Work instruction
Among the records below, find the line that has "tree, sequoia, wood, bark, huge, tribe"; from there, give the lines again exactly, and stop after the line that has "Orquídea Artificial 8".
Task material Start Marker
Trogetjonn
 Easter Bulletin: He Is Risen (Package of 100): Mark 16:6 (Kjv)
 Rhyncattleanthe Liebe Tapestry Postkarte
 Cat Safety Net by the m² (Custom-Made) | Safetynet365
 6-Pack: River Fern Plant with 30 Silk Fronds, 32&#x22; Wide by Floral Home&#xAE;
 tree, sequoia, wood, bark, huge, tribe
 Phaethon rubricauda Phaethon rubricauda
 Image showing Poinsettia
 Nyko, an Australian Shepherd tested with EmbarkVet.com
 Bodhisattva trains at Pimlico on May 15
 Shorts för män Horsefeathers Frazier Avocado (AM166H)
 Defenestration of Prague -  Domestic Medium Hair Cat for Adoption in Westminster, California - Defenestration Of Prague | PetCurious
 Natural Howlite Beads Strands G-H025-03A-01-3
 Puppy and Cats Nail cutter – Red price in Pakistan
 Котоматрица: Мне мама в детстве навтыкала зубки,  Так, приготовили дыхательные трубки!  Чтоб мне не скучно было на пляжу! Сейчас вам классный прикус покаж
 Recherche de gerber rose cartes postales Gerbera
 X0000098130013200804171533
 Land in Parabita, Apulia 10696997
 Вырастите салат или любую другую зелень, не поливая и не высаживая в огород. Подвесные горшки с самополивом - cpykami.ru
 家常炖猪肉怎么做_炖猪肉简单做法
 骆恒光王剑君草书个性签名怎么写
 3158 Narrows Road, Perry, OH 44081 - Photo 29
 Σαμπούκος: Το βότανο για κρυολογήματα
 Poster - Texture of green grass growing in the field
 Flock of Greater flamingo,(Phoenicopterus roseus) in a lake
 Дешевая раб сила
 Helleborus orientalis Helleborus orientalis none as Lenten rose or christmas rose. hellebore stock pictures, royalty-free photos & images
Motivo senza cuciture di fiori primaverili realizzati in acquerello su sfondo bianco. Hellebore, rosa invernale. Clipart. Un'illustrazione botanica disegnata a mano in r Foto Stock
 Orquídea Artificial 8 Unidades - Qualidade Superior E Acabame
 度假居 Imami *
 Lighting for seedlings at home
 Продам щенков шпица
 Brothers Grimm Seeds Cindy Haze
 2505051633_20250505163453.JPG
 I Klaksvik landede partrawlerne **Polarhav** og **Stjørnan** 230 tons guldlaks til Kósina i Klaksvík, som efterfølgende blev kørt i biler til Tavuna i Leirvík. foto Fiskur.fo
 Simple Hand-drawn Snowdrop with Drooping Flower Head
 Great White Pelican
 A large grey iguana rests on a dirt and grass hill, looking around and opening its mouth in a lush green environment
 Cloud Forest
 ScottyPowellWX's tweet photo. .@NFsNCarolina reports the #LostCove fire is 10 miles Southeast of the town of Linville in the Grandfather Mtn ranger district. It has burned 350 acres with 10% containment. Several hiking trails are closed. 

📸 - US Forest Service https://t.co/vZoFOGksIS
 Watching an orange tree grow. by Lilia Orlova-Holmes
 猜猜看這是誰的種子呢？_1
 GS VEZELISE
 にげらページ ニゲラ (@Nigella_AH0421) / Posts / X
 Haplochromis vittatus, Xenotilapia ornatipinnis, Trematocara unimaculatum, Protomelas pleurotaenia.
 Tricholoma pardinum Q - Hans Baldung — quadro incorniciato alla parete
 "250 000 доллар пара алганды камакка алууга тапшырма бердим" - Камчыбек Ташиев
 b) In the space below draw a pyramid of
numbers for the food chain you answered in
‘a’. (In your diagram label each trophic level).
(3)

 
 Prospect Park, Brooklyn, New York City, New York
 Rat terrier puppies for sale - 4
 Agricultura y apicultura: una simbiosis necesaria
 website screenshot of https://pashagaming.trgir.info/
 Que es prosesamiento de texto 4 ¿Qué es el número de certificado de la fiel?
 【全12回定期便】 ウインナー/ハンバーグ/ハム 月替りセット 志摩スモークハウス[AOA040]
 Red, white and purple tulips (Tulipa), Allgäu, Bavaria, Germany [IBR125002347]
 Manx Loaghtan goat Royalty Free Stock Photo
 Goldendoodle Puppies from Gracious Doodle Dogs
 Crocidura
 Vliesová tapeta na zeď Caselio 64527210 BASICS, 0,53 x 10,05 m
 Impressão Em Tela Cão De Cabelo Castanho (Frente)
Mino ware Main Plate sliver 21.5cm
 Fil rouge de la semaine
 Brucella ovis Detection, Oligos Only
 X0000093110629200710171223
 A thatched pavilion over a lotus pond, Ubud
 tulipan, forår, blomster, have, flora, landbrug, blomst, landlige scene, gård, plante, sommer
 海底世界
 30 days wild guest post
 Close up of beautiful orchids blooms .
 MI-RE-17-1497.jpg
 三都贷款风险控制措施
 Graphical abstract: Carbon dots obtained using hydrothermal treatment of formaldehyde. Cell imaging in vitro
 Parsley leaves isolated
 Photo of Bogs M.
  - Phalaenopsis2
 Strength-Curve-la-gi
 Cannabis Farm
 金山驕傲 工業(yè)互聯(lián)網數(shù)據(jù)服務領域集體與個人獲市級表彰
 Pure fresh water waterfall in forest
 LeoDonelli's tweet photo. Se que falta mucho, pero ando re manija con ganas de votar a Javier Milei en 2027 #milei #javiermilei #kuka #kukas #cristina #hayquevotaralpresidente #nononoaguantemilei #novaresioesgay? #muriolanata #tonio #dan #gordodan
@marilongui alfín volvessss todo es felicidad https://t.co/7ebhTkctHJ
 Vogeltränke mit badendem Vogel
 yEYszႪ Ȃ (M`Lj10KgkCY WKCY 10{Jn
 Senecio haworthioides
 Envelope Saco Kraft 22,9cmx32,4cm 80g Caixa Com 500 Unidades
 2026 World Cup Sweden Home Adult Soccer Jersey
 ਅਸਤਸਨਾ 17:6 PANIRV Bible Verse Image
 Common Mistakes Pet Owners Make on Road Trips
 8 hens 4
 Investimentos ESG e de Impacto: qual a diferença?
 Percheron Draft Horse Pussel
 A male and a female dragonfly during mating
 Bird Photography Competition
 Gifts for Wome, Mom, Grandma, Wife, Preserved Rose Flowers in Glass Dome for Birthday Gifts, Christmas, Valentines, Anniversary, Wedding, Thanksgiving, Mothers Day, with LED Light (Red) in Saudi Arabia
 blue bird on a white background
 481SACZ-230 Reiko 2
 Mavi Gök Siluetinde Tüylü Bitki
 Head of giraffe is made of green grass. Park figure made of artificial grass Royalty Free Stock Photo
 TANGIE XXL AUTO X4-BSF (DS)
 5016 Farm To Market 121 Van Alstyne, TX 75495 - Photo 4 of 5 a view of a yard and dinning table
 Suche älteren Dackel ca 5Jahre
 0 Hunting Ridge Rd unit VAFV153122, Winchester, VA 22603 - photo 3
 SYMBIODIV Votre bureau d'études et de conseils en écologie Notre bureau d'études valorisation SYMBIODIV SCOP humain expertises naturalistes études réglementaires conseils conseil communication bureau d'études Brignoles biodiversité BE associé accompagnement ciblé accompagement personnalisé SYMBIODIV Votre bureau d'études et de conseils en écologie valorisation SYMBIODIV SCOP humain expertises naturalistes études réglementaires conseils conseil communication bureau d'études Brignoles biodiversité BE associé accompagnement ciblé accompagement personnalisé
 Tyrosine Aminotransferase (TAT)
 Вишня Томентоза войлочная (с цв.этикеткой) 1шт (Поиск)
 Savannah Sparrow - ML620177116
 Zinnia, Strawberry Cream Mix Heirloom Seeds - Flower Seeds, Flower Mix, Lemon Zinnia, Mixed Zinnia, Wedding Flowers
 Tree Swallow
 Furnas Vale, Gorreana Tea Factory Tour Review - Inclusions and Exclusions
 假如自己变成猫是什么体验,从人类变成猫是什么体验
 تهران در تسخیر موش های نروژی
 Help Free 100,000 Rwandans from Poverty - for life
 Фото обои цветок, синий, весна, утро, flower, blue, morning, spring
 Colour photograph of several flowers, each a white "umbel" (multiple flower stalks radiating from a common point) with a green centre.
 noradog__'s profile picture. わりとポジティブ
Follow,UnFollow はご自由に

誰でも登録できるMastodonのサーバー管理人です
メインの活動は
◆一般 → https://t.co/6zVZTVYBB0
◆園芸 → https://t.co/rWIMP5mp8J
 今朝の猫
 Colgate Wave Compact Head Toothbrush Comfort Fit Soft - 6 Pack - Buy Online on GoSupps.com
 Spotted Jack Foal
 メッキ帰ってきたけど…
Task material End Marker
Result of this exercise
 tree, sequoia, wood, bark, huge, tribe
 Phaethon rubricauda Phaethon rubricauda
 Image showing Poinsettia
 Nyko, an Australian Shepherd tested with EmbarkVet.com
 Bodhisattva trains at Pimlico on May 15
 Shorts för män Horsefeathers Frazier Avocado (AM166H)
 Defenestration of Prague -  Domestic Medium Hair Cat for Adoption in Westminster, California - Defenestration Of Prague | PetCurious
 Natural Howlite Beads Strands G-H025-03A-01-3
 Puppy and Cats Nail cutter – Red price in Pakistan
 Котоматрица: Мне мама в детстве навтыкала зубки,  Так, приготовили дыхательные трубки!  Чтоб мне не скучно было на пляжу! Сейчас вам классный прикус покаж
 Recherche de gerber rose cartes postales Gerbera
 X0000098130013200804171533
 Land in Parabita, Apulia 10696997
 Вырастите салат или любую другую зелень, не поливая и не высаживая в огород. Подвесные горшки с самополивом - cpykami.ru
 家常炖猪肉怎么做_炖猪肉简单做法
 骆恒光王剑君草书个性签名怎么写
 3158 Narrows Road, Perry, OH 44081 - Photo 29
 Σαμπούκος: Το βότανο για κρυολογήματα
 Poster - Texture of green grass growing in the field
 Flock of Greater flamingo,(Phoenicopterus roseus) in a lake
 Дешевая раб сила
 Helleborus orientalis Helleborus orientalis none as Lenten rose or christmas rose. hellebore stock pictures, royalty-free photos & images
Motivo senza cuciture di fiori primaverili realizzati in acquerello su sfondo bianco. Hellebore, rosa invernale. Clipart. Un'illustrazione botanica disegnata a mano in r Foto Stock
 Orquídea Artificial 8 Unidades - Qualidade Superior E Acabame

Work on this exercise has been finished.